After: nodes x cpu_modes = 100 x 8 = 800 series.

Dashboard Query Update

Before (relies on cpu label to count cores):

sum by (instance) (irate(node_cpu_seconds_total{mode!="idle"}[$__rate_interval]))
/ scalar(count(count(node_cpu_seconds_total) by (cpu)))

After (works without cpu label):

1 - (
  sum by (instance) (irate(node_cpu_seconds_total{mode="idle"}[$__rate_interval]))
  /
  sum by (instance) (irate(node_cpu_seconds_total[$__rate_interval]))
)

Safe to update dashboards before rolling out the labeldrop.

Bonus: Drop Unused CPU Modes

Most dashboards only need user, system, idle, iowait. Drop the rest for another ~50% reduction:

metric_relabel_configs:
  - source_labels: [__name__, mode]
    regex: 'node_cpu_seconds_total;(steal|nice|softirq|irq)'
    action: drop

Takes 800 series down to ~400.

Follow-up: labeldrop Doesn't Reduce Samples — It Breaks DPM Billing

Learned this the hard way. Dropping the cpu label reduced series count (cardinality) but tripled the Grafana Cloud bill.

Why: Grafana Cloud's usage-based tier charges per samples ingested (DPM — data points per minute), not per series count. When you labeldrop the cpu label, 128 samples per scrape that previously had distinct label sets now all share the same label set. They still get scraped and forwarded individually. One "series" now receives 128 samples per scrape interval instead of 1.

  • Before: 128 series × 1 sample each per scrape = 128 DPM per (instance, mode)
  • After labeldrop: 1 series × 128 samples per scrape = 128 DPM per (instance, mode)

Cardinality goes down, DPM stays the same. If your vendor bills on DPM, you get nothing.

The actual fix: pre-aggregate with a recording rule before remote_write.

groups:
  - name: node_cpu_agg
    rules:
      - record: node_cpu_seconds_total:by_mode
        expr: sum without (cpu) (node_cpu_seconds_total)

Prometheus evaluates this locally and only remote-writes the aggregated series — one sample per (instance, mode) per scrape interval. DPM drops proportionally to core count.

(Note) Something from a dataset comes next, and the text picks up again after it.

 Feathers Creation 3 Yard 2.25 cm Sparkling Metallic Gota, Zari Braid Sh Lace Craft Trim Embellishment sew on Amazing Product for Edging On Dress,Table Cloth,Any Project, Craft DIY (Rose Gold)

Catch: Grafana Alloy doesn't support recording rules. If your pipeline is Alloy → Grafana Cloud, you can't pre-aggregate this way. Your options are:

  1. Grafana Cloud Adaptive Metrics — detects unused label dimensions and aggregates them server-side. But you still pay full ingest cost for the raw samples that already came in; it only reduces the active series charge, not ingestion.
  2. Run a self-managed Prometheus in front of Alloy — let it evaluate recording rules, then remote-write the aggregated output to Grafana Cloud. Adds operational overhead.

TL;DR: labeldrop is a cardinality fix. For DPM-based billing you need pre-aggregation via recording rules — but if you're on Alloy you can't do that locally, and Grafana Cloud's Adaptive Metrics solves the active series problem but trades it for an ingest cost that it doesn't fully eliminate.